Daha bir-iki ay önce Somali Cumhurbaşkanı’nın oğlu, İstanbul’da moto kurye Yunus Emre Göçer’e arkadan çarparak ölümüne neden oldu ve uçağa atladığı gibi kaçtı. Sonrasında zevahiri kurtarmak adına usül yerine gelsin diye bir yargılama yapıldı ve 27 bin lira para cezası alan şahıs, sanki hiçbir şey olmamışçasına hayata kaldığı yerden devam etti.
Eğer ki, moto kurye Yunus Emre Göçer ve onun durumundakilerin hakkını gözeten bir yargı süreci çalışsaydı daha ağır bir ceza çıkar ve başkalarına ibret olurdu. Ama bizde trafik ölümleri, zaten kaderden sayıldığı için “ölen öldü” şeklinde bir kabullenme oluyor ve hal çaresine bakılıyor.
Bu yüzden her yıl onbinlerce insanımızı kaybediyoruz  ama bir iki gün ah vah edip unutuyoruz. Her gün bir başka ibret verici kaza yaşasak da hiç ders çıkarmıyoruz. 
Son bir örnek, ülkenin bütün kurumlarındaki yozlaşmanın ve toplumsal çürümenin tipik örneği olarak karşımıza çıktı.
Yazar bozuntusu Eylem Tok ve onun züppe, zibidi uşağının bir hız yarışı sonucunda bir insanın ölümüne neden olduğu kaza sonrasında elini kolunu sallayarak önce Mısır’a oradan ABD’ye kaçmaları bu kadar kolay olmamalıydı.
Yasalar, fakir fakuraya, emmisi dayısı olmayana, siyasi gücü bulunmayana işliyor. Cezasızlık, adaletsizlik bir ülkenin normaline dönüşmeseydi, anne henüz ehliyet almamış 17 yaşındaki oğluna arabasının anahtarını verir miydi? Bunun bir suç olduğunu bilmiyor muydu? Bal gibi biliyordu elbette ki…

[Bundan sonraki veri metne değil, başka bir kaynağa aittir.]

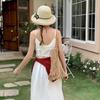 2025 new flower hand-hooked rolled-up foldable straw hat women's Korean style, versatile, small fresh breathable sunshade fisher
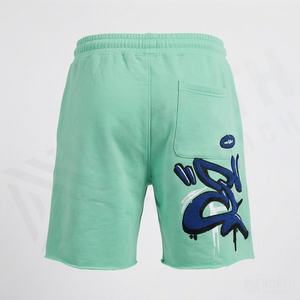 Shorts en toile délavée personnalisés pour hommes, style vintage, en polyester et coton, imprimé en relief, effet vieilli, avec strass sur le devant, vêtements streetwear - Product Image 2
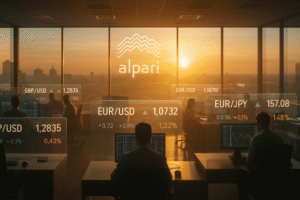 Traders at desks with digital overlays showing Alpari logo and live forex rates including EUR/USD, GBP/USD, and EUR/JPY at sunset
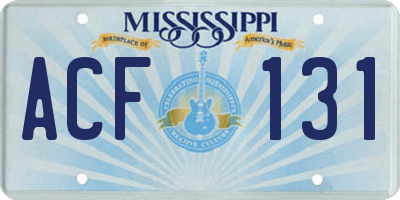 MS license plate ACF131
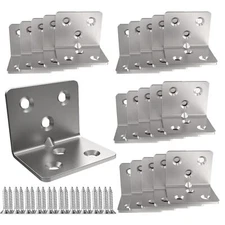 20 Pcs Stainless Steel L Bracket 90 Degree Corner Bracket with Screws for Wood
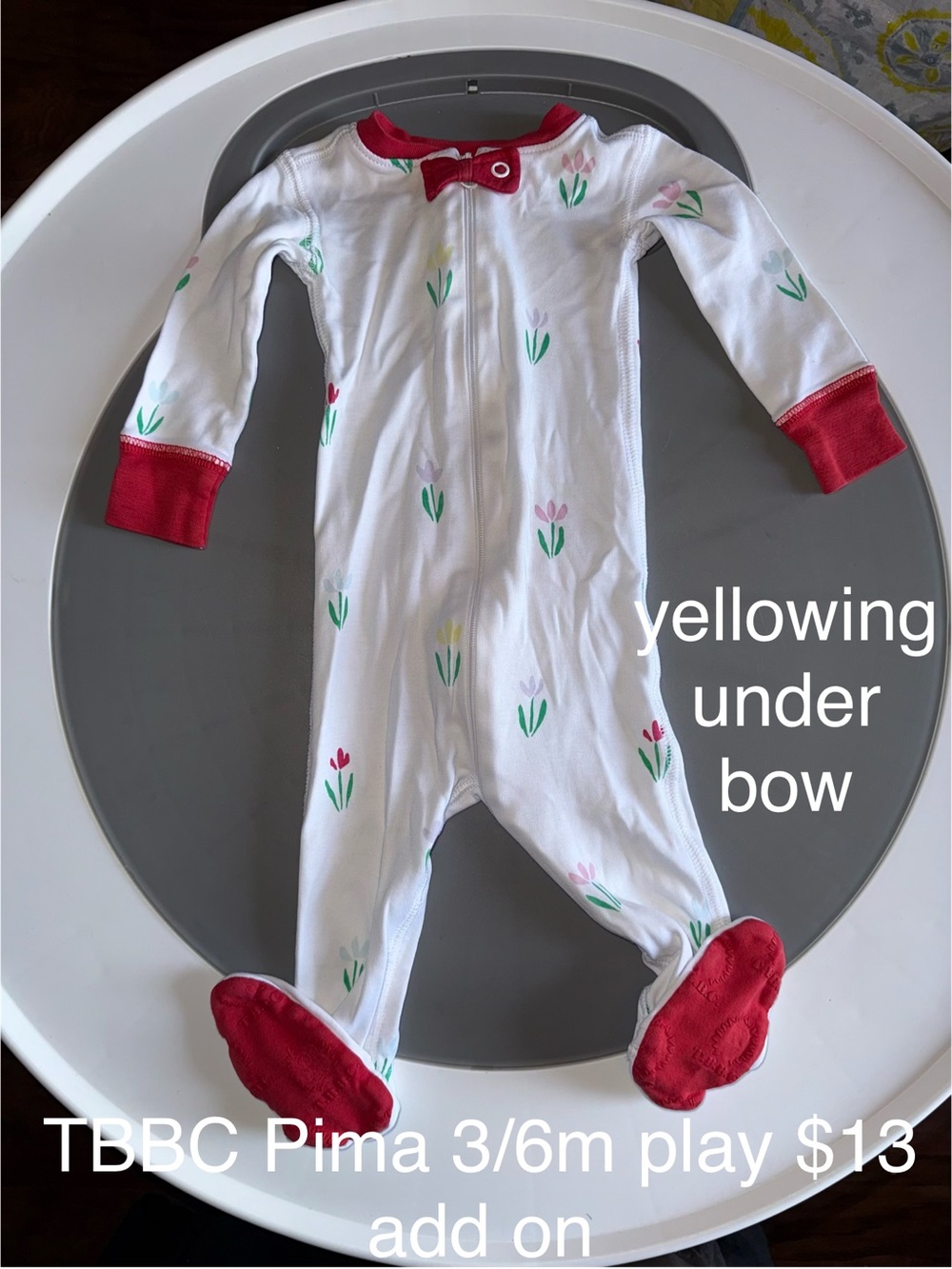 The Beaufort Bonnet Company White Floral Pima Footie with Red Trim, Tulip Night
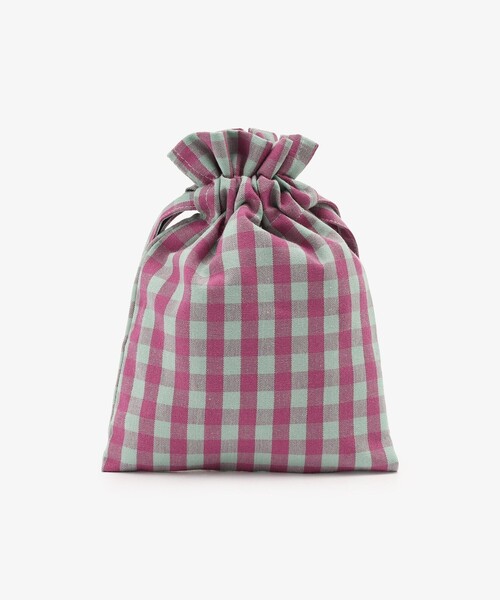 Afternoon Tea（アフタヌーンティー）の「ギンガムチェック巾着ポーチ（ポーチ・レディース・パープル・ONE SIZE）」の2枚目の写真
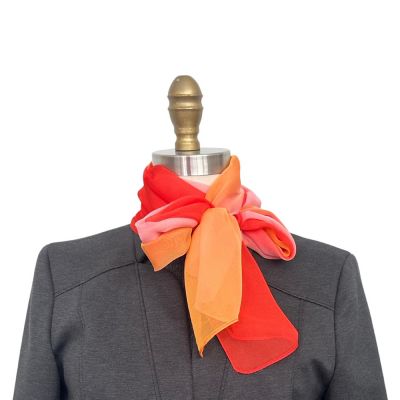Wrapables Lightweight Sheer Solid Color Georgette Scarf, Orange, Pink & Red Image 2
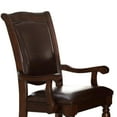 thumbnail image 2 of Traditional Style Wood & Leather Dining Side Arm Chair, Brown & Dark Brown, Set of 2- Saltoro Sherpi, 2 of 6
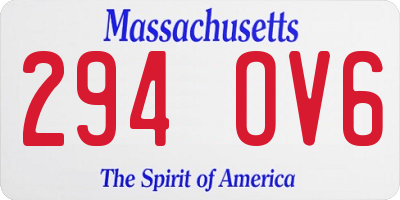 MA license plate 294OV6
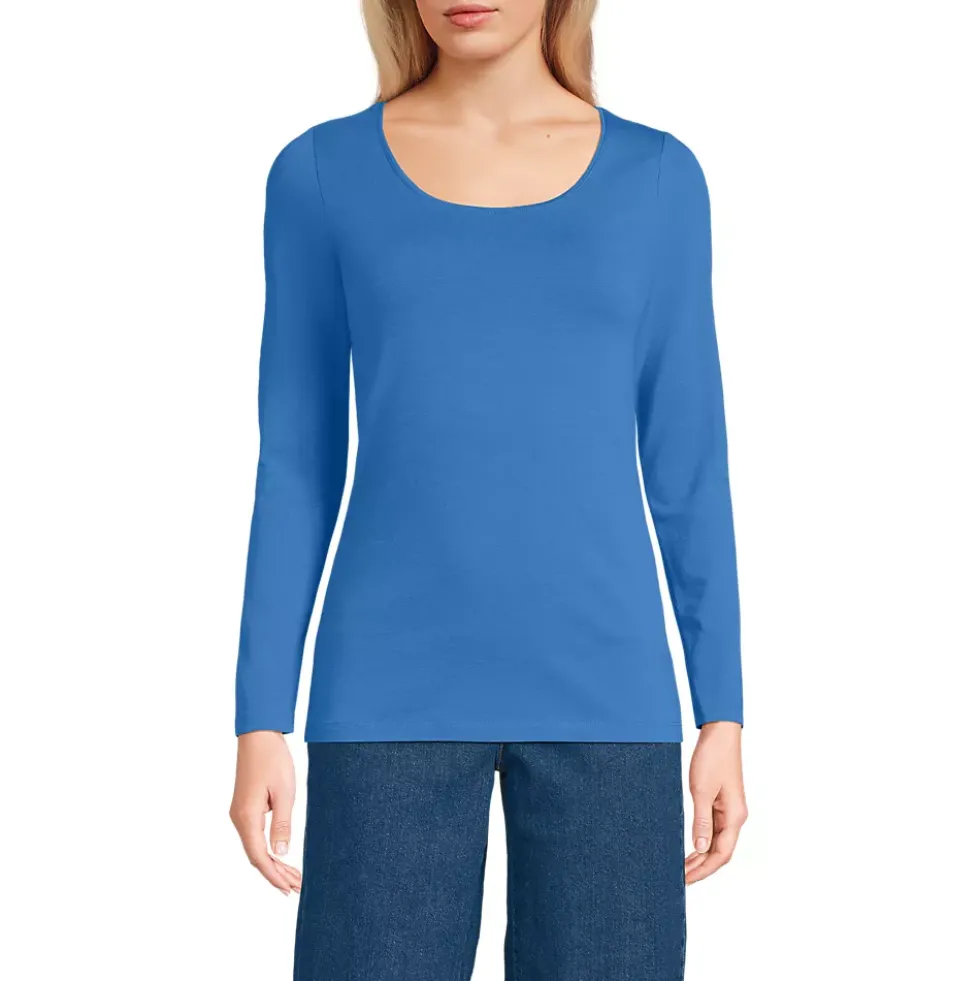 Women's Lightweight Jersey Skimming Long Sleeve Scoop Neck T-shirt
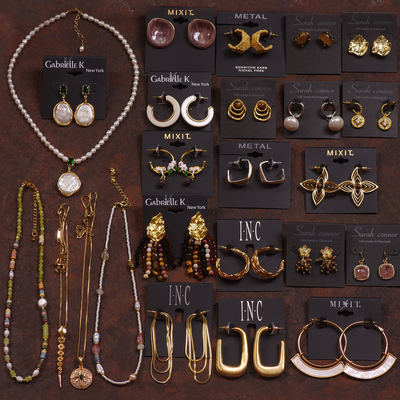 天然淡水异形珍珠虎眼石项链耳环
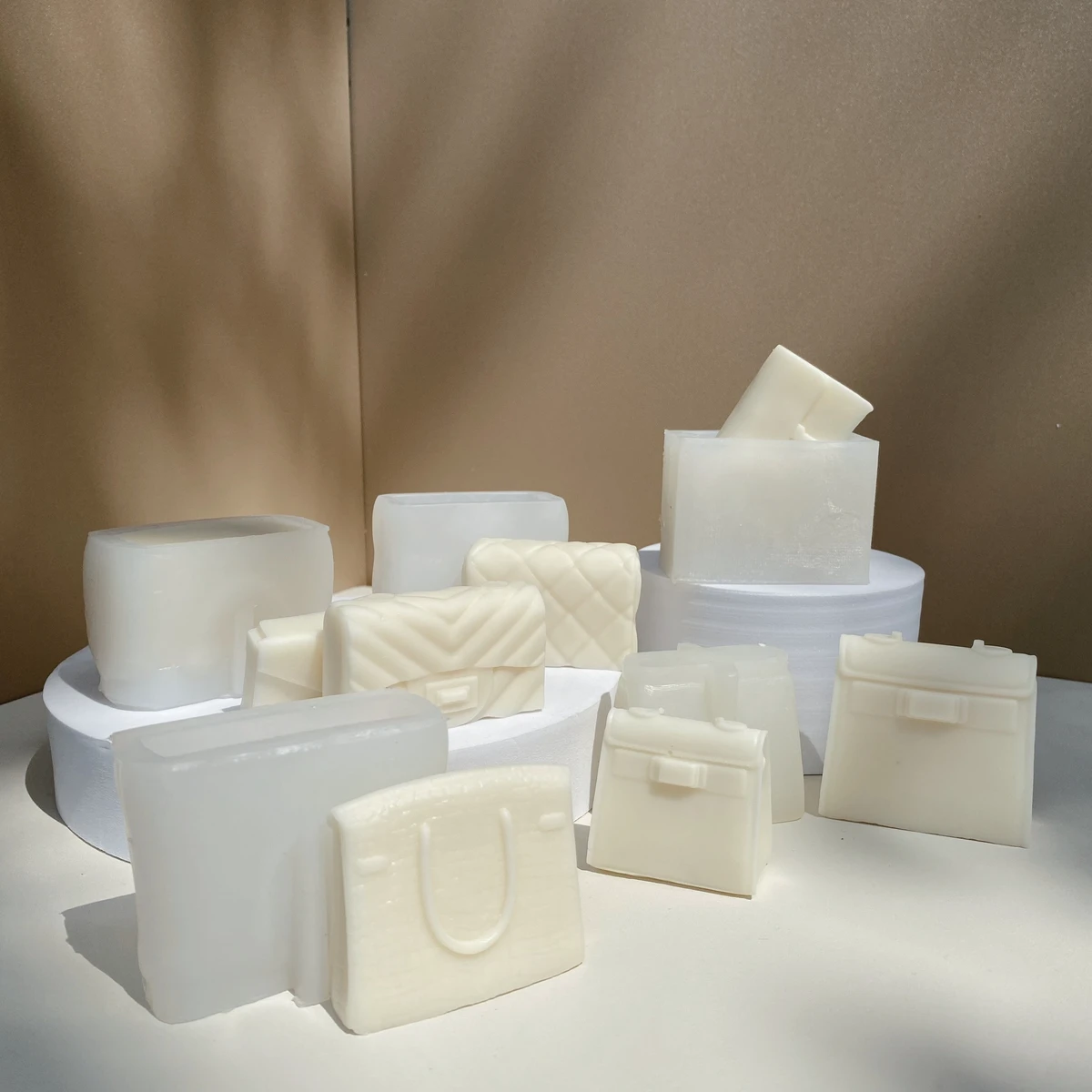 Mini Handbag Wallet Brand Luxury Small Size Little Lovely Popular Candle Aromatherapy Gypsum Silicone Mold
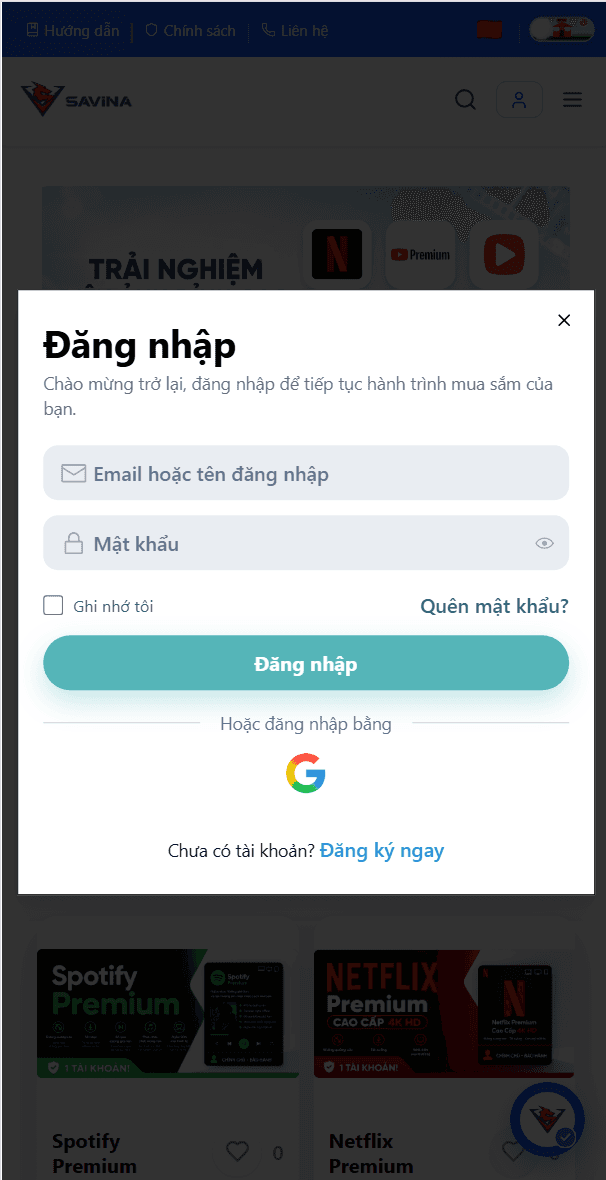 Trang đăng nhập trên điện thoại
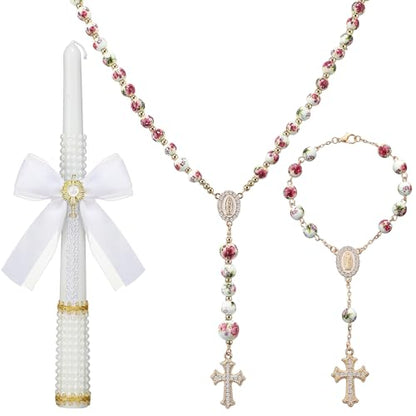 WILLBOND 3 Pcs First Communion Rosary and Candle Present Set, Rose Rosary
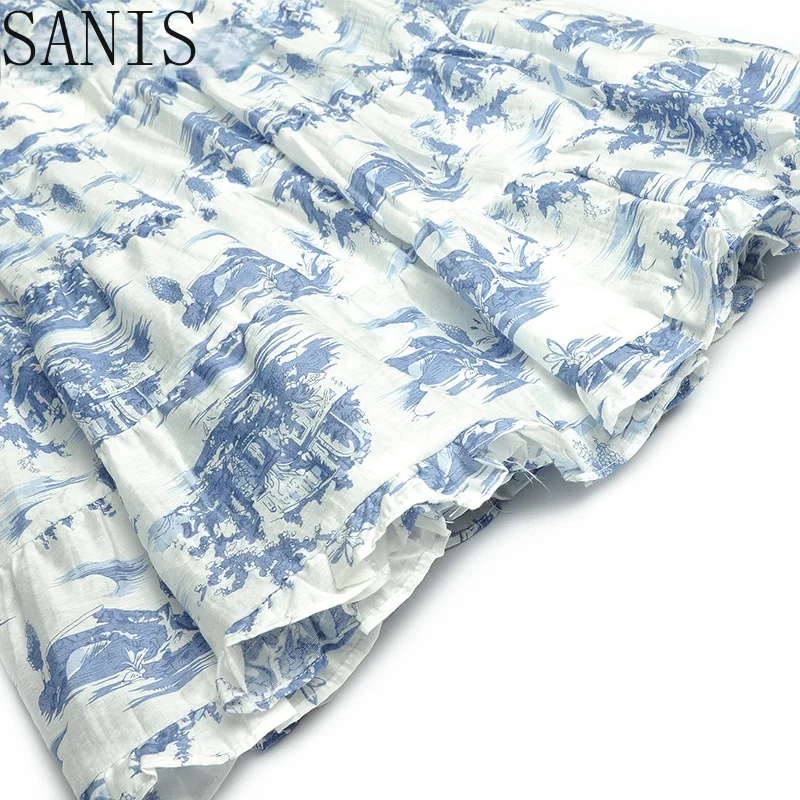 

Sanis Fashion Designer Dress Summer Women's dress Sexy Backless Print Elegant Dress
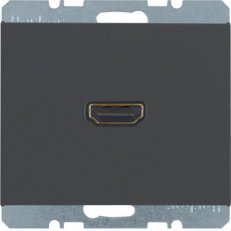 Zásuvka HDMI s připojením konektoru 90°, K.1, antracit mat BERKER 3315437006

Ama kokuşmuş düzenin bir parçasıydı.  

Oğlu herhangi bir trafik kontrolünde yakalansaydı zenginliği ve çevresiyle işini halledeceğinin farkındaydı. Yarattığı sahte imajıyla kapıların kendisine açılacağını biliyordu.

 Rivayet odur ki, ünlü estetik cerrahı olan ilk eşiyle şantaj yaparak evleniyor ve sonrasında boşanıyor. Ardından Süleymancı cemaatine mensup Hayy Yayınlarının sahibi Rauf Baysal ile yaşadığı aşk ilişkisi onu birden bire çok satan yazar haline getiriyor. Çünkü, kim bilir kimin kaleme aldığı kitapların hepsini yayınevinin sahibi satın alıyor ve böylece çok satan yazar imajını elde ediyor. Aynı zamanda bir güzellik merkezi sahibi… Hesap edilemeyen zenginlik ve nüfuzlu bir çevre… Daha ne olsun.

 Anlayacağınız ortada sahte bir yazar, şair, yönetmen ve yüz var. Şımarık oğlanın bir kişinin ölümüne, 4 kişinin de yaralanmasıyla sonuçlanan kazasıyla annenin de bütün makyajı dökülüyor.  

Korkunç bencilliği, vicdansızlığı ve merhametsizliği de…

 Çünkü, kaza yerine gittiğinde ambulans çağırmak yerine kaçabilecek zaman olsun diye, yaralılara yardım etmeyip tam tersine cep telefonlarını topluyor. Zaten ölen de kan kaybından ölüyor. Ambulansın zamanında yetişmesiyle kurtarılabilecek olan bir insan, resmen bir cinayetle sevdiklerinden koparılıyor.
Sahte yazar olan anne ile şımarık oğlu şimdi kaçtıkları ABD’de kahkaha atarken görüntüleniyorlar. Keyiflerine diyecek yok doğrusu.
Bir müşkülü halletmiş olmanın sevinci ile gülüyorlar. 

Belki de güldükleri memleketin zavallılığıdır.